Türkiye'nin önde gelen havayolu şirketlerinden SunExpress'in Erzincan'a başlattığı seferlerin ilk uçuşunda, geniş bir protokolle kente gidiyoruz. Uçakta Bakanın yanı sıra Devlet Hava Meydanları İşletmesi Genel Müdürü Orhan Birdal, SunExpress Genel Müdür Yardımcısı Hacı Say'ın yanı sıra Mehmet Tiryaki, Kemal Çolakoğlu ve Geza Dologh gibi İzmir iş dünyasının önde gelen isimleri de bulunuyor.
VIP sıralarında Yıldırım'la sohbet devam ediyor. "Erzincan'ın nesi meşhur" diye soruyorlar. Hemen cevaplar yükseliyor; bakır işlemeciliği, tulum peyniri, leblebisi... Derken yanımda oturan Çeşme Esnaf ve Sanatkarlar Odası Başkanı Mustafa Genger atılıyor, "Bakanı meşhur, bakanı..."
Yaklaşık iki saat süren bir yolculuktan sonra Erzincan'a indiğimizde, gerçekten "kentin bir bakanı" olduğunu anlıyoruz.
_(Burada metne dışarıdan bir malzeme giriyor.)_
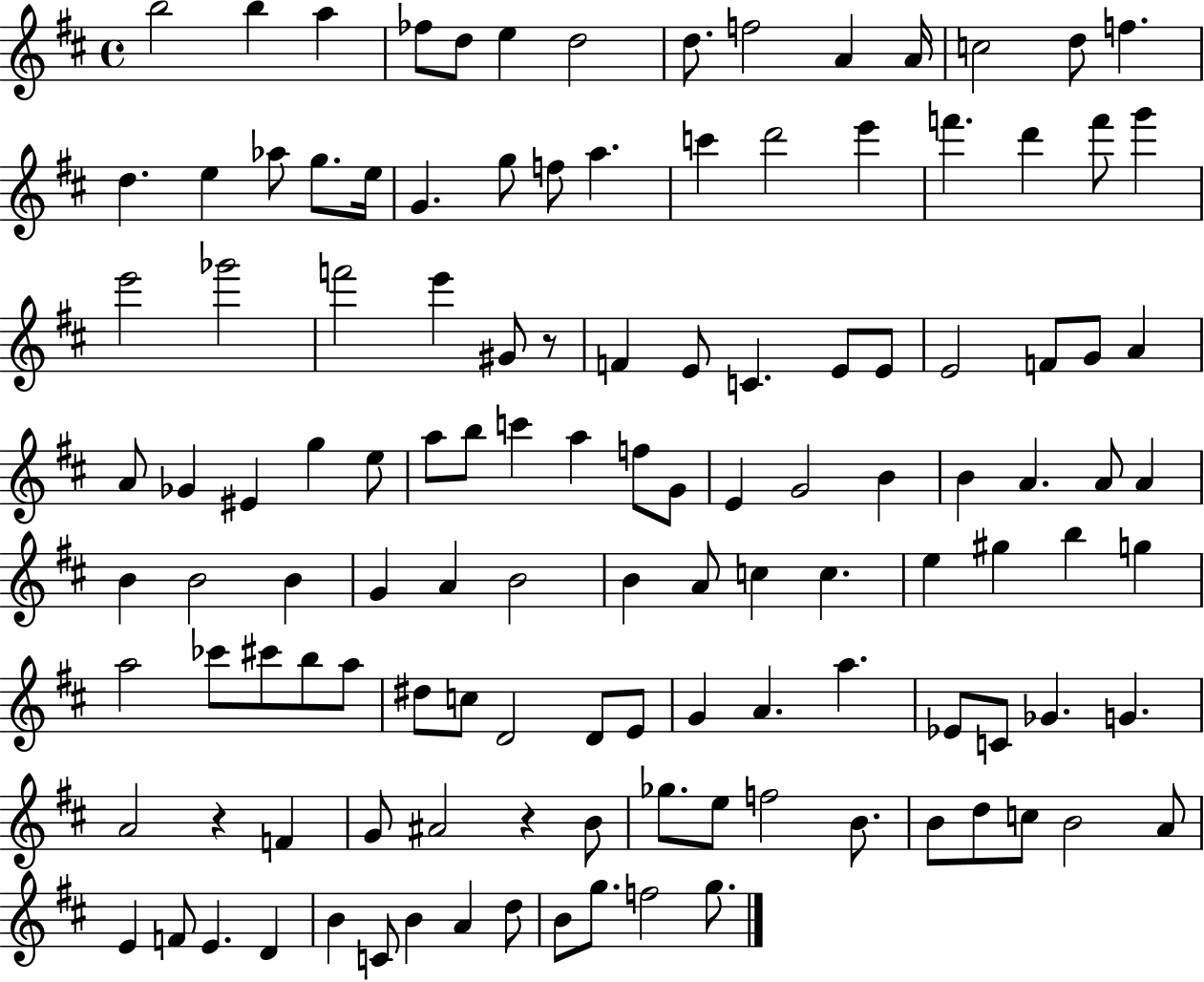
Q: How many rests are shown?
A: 3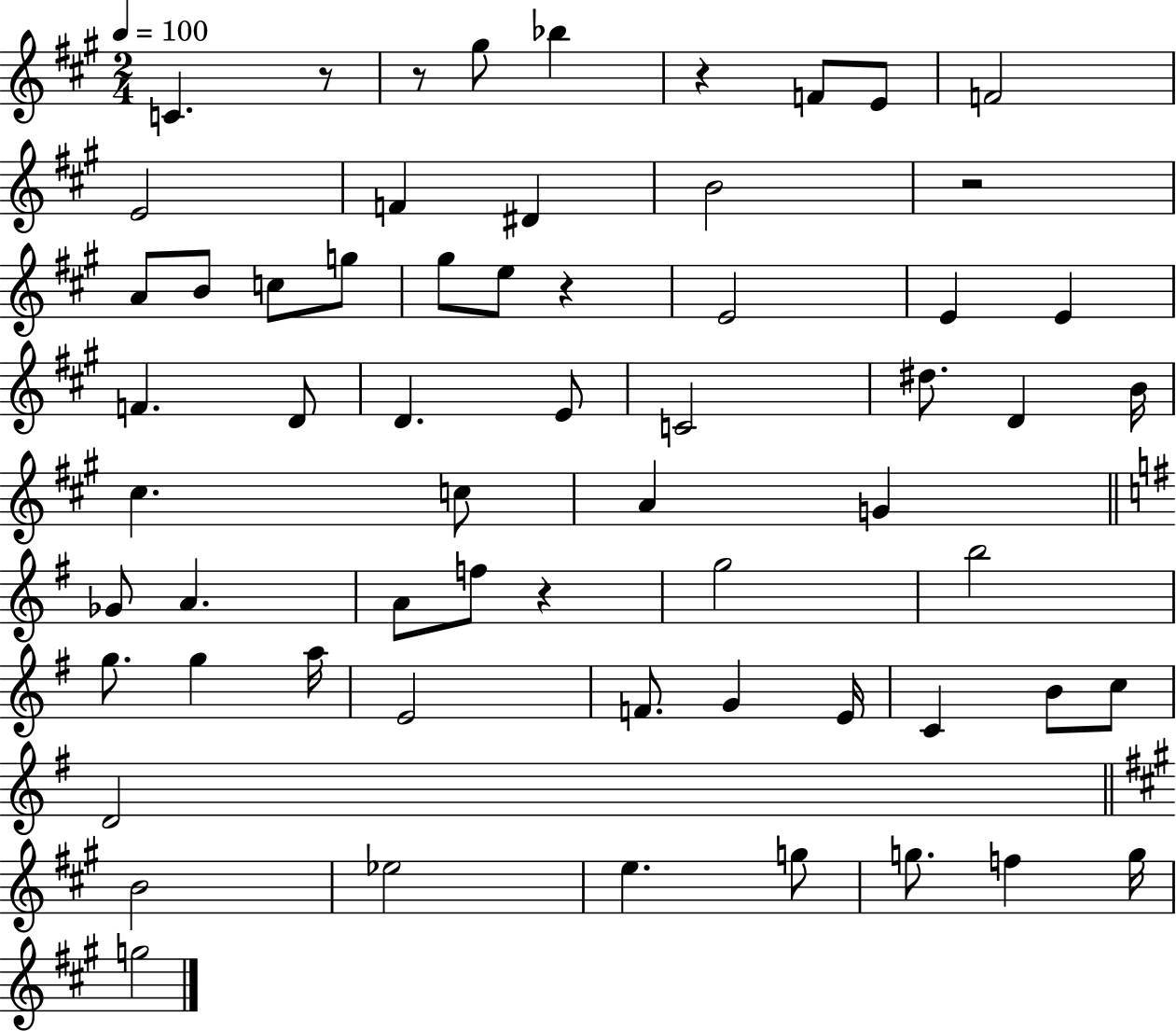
{
  \clef treble
  \numericTimeSignature
  \time 2/4
  \key a \major
  \tempo 4 = 100
  c'4. r8 | r8 gis''8 bes''4 | r4 f'8 e'8 | f'2 | \break e'2 | f'4 dis'4 | b'2 | r2 | \break a'8 b'8 c''8 g''8 | gis''8 e''8 r4 | e'2 | e'4 e'4 | \break f'4. d'8 | d'4. e'8 | c'2 | dis''8. d'4 b'16 | \break cis''4. c''8 | a'4 g'4 | \bar "||" \break \key g \major ges'8 a'4. | a'8 f''8 r4 | g''2 | b''2 | \break g''8. g''4 a''16 | e'2 | f'8. g'4 e'16 | c'4 b'8 c''8 | \break d'2 | \bar "||" \break \key a \major b'2 | ees''2 | e''4. g''8 | g''8. f''4 g''16 | \break g''2 | \bar "|."
}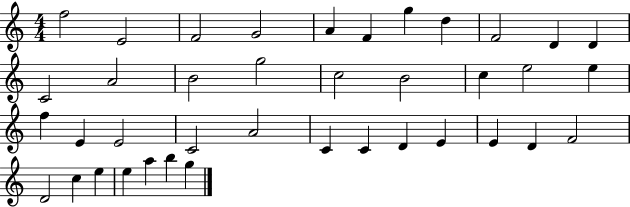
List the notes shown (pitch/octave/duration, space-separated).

F5/h E4/h F4/h G4/h A4/q F4/q G5/q D5/q F4/h D4/q D4/q C4/h A4/h B4/h G5/h C5/h B4/h C5/q E5/h E5/q F5/q E4/q E4/h C4/h A4/h C4/q C4/q D4/q E4/q E4/q D4/q F4/h D4/h C5/q E5/q E5/q A5/q B5/q G5/q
Modern bir havaalanı, karayolları, üniversite, bilişim merkezi... Sayın Yıldırım kente damgasını vurmuş. Kentte büyük bir sevgiyle karşılanıyor.
Ulaştırma Bakanlığı'nın yedi yıl önce attığı liberalleşme adımları sonucu iç hatlarda pazar çığ gibi büyümüş. "2002 yılında 8.7 milyon kişi olan Türkiye'nin iç hatlarındaki yolcu sayısı, 2010 yılında 52.2 milyon kişiye ulaştı" diyor Sun Express Genel Müdür Yardımcısı Hacı Say. Bu rakam pazarın her yıl yüzde 25 büyümesi demek.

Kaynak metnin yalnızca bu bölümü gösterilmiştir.